With more drug-resistant organisms circulating than ever before, there are more facility-acquired infections occurring, noted Sherry Brereton, vice president of marketing at Care-Tech Labs, a manufacturer of over-the-counter drugs designed to treat or prevent topical infection.
“It’s an even more appropriate time for washing hands, but also for a good antimicrobial cleansing of patients,” Brereton said.
She also advised scrubbing hard surfaces with disinfectant and having somebody scrub air ducts and vents, “especially in patient rooms” during flu season.

Breathing easier
All is not high anxiety or gloom about flu season. Evercare’s Gahm, for example, believes long-term care residents’ vaccination rates may be higher than advertised. Because tracking has largely been through billing records, individuals may not be counted if they receive their flu shot from a non-traditional provider.
And when it comes to lingering concerns about federal regulators’ 2005 mandate to start offering flu shots to all nursing home residents, there apparently are few or none.
“The rule doesn’t distress me particularly,” says Evvie Munley, a survey and certification specialist with the American Association of Homes & Services for the Aging. “Documentation was a concern, but CMS didn’t specify an exact protocol. There is some more documentation for members, but I haven’t heard any feedback yet.”
Sandy Fitzler of the American Health Care Association also said previous concerns have not mushroomed into anything serious. She said the new MDS section for vaccinations (Section W) isn’t long and is an easier way to collect better data.
Increased focus on flu preparedness recently has helped educate many providers, she added. Supply and then distribution challenges brought the spotlight to flu shots in recent years. Those, combined with a recent wave of flu pandemic concerns, have only made providers more alert, she feels.
“The attention placed on pandemic possibilities has raised the whole awareness of vaccine issues that we have,” Fitzler said. “That’s been a positive. Many members have been providing vaccine for residents for many years, but this has raised more awareness for the employee population, as well.”
With the help of last year’s raffle promotion, the staff vaccination rate at Levindale Hebrew soared to 85%, up from 36%, said Mayoryk.
“It brought forth many people who didn’t do it before. It curbed their myths. They didn’t get sick and didn’t have adverse reactions,” Mayoryk said. “Peer pressure really works. They see the lines forming and want to be part of the unit that gets the most vaccinated. If you can get 60% of the staff vaccinated, you can really curb outbreaks.
“We were able to eradicate some diseases because people got vaccinated against them,” she added. “I think with influenza, you could do the same thing.”
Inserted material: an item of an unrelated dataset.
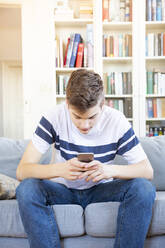 Teenage boy sitting on the couch at home using cell phone - LVF08111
Getting your best shots in

The American Geriatrics Society recommends the following vaccinations for most older adults:

Flu shot
What it does: Protects against the influenza virus
Who needs it: Anyone who’s 50 or older, lives in a nursing home, or has a serious health condition such as heart disease, diabetes, asthma, lung disease or HIV. However, people who are allergic to eggs and have demonstrated allergic reactions to flu shots or had Guillian-Barre Syndrome should not get the shot.
When to get it: Every year, ideally in October or November.

Pneumococcal shot
What it does: Protects against pneumococcal bacteria, which can cause pneumonia, blood and brain infections.
Who needs it: Anyone who needs a flu shot.
When to get it: Only once, unless you had the shot before turning 65, in which case you’ll need a “booster” shot after 5 years.

Tetanus/Diphtheria shot
What it does: Protects against two potentially deadly bacterial infections.
Who needs it: Everyone.
When to Get It: Once every 10 years.

AGS also recommends the new Herpes zoster (Shingles) shot for most adults 60 and older. It recommends additional shots – including the Measles, Mumps, Rubella (MMR) vaccination, and shots for Varicella, Hepatitis A and B, and Meningococcal disease – for older adults at increased risk of these diseases.